This is a darker paranormal world. It can be brutal. Quin on a rampage dismembers and tears people apart when necessary and has no remorse. The vampires don’t ‘glamour’, drink a little, then allow their food source to head off. No, they drain and kill their victims, or food source, and you have a glimpse into who the food source is too, something that Matheus struggles with. They only need to feed around every twelve weeks, considerably longer periods apart for older vampires, so feeding wasn’t mentioned that often. Killing by fang is though. This is a hybrid vampire story between the older school vampires and the more modern versions. My favourite vampire stories include sex and blood but this certainly was the second best option.

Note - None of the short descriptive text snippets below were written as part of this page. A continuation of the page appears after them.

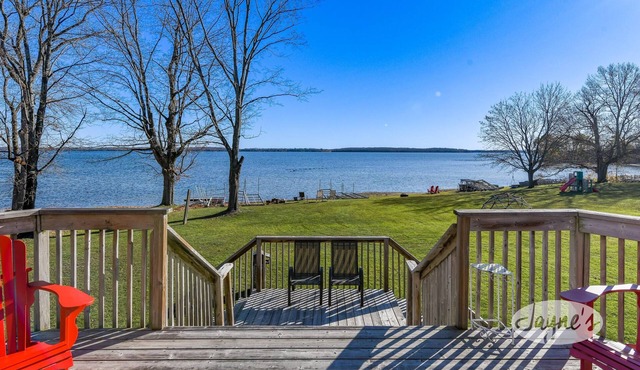 4 bed 3 bath cottage on Lake Couchiching, Level Land, Sunrises!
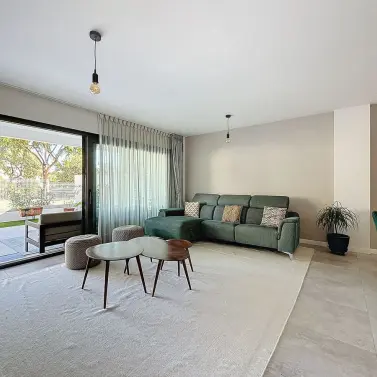 Продажа апартаментов на первом этаже в Estepona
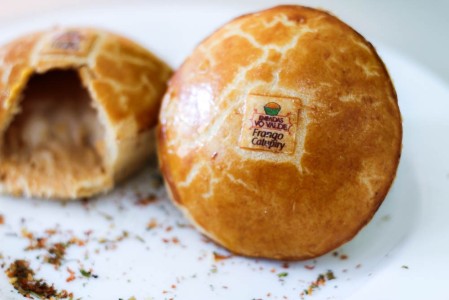 Empada de frango c/ catupiry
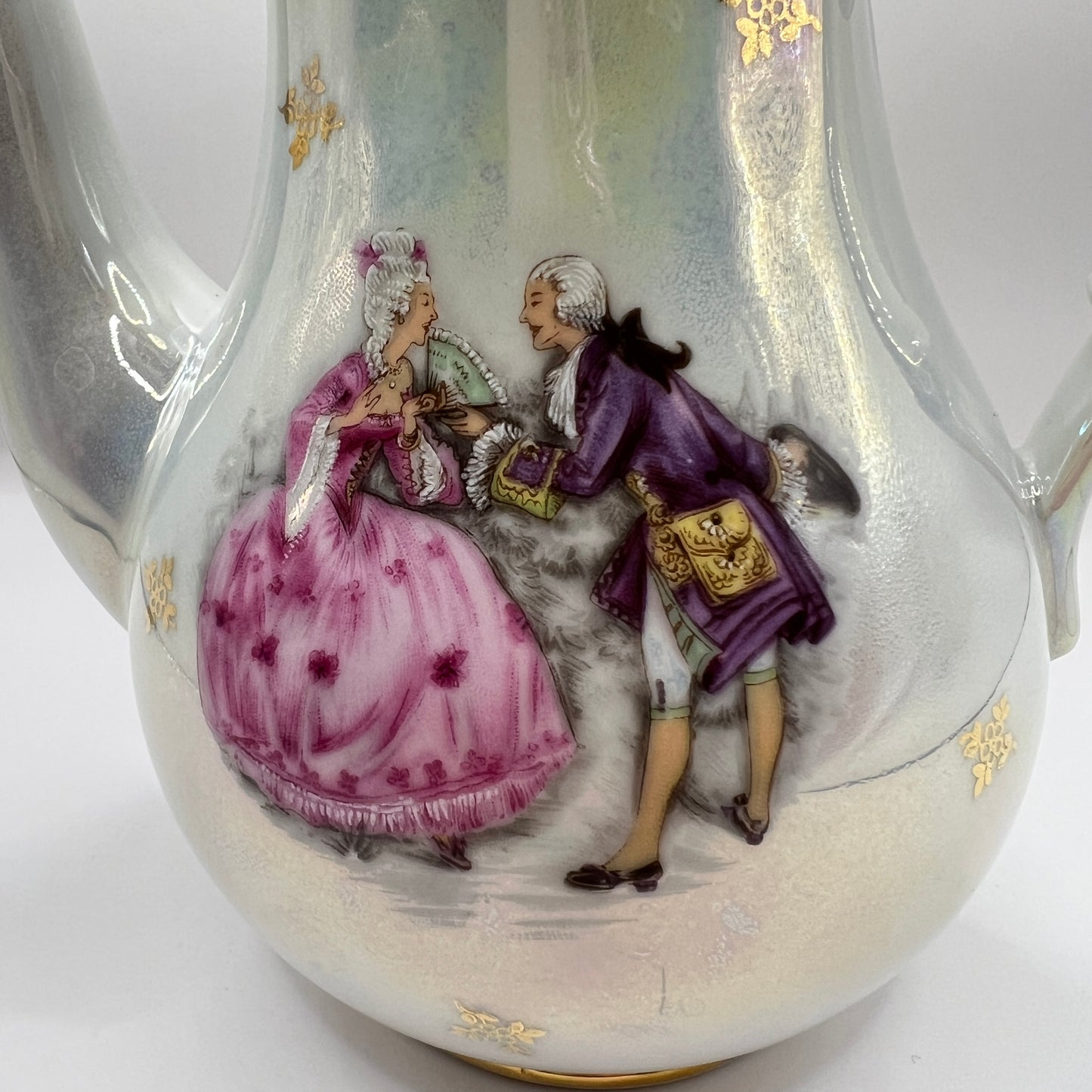 Ekskluzywny Serwis Kawowy Porcelaine France – Sceny Miłosne Fragonard, Złocenia i Iryzacja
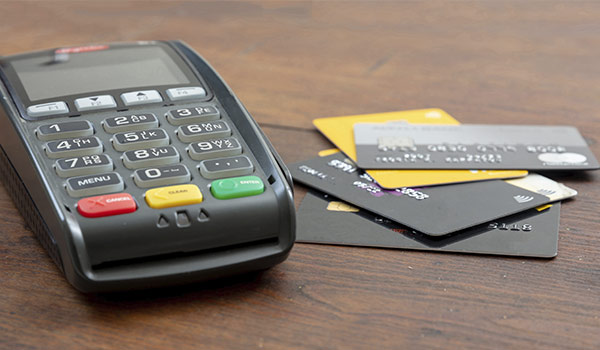 Cartão e máquina de cartão de crédito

Quin: I loved him. Aside from the whole turning Matheus against his will thing, but old school vampires, what you gonna do? Otherwise, he was supportive, funny, with the patience of Job, and I felt for some part of the book that he could have chosen better progeny than Matheus, but then Matheus would do something and I’d rethink that part. I’m certain this started out as Anne Rice fanfic with the Louis style complaining of Matheus and the amused frustration of Quin. There were times I liked that Matheus had a definite opinion, like when Quin transferred Matheus’ savings offshore into another account for safe-keeping.  Matheus justifiably wanted control of his money, he had earned it, he should control it even if it’s simply placed in a drawer.

It seems Matheus has a few unique qualities for a vampire. He dreams for a starter, including nightmares. He also wakes up earlier than other vampires, and while daylight is still present. I’m guessing there is a more to Matheus than we know right now.

I enjoyed the dry humour of all of the characters. I actually think Milo, Quin’s tech guy, had the most droll moments and every time he spoke he was consistent in his apathy for anything that wasn’t IT or tech.

The hunt near the beginning, the time spent being hunted in a local forest by some very angry, cultish men with crossbows, and a few grenades for the cheaters, was interesting and action-packed. This sort of thing, this action and edge-of-your-seat reading is what I like so much about UF but it slowed down after that and became more about the mundane aspects of life, which is fine if the world was built more, which it wasn’t. So it could have been paced a bit better. Quips are great but large chunks of them grow frustrating after a while. Then the ending ramped right up again with plenty of action.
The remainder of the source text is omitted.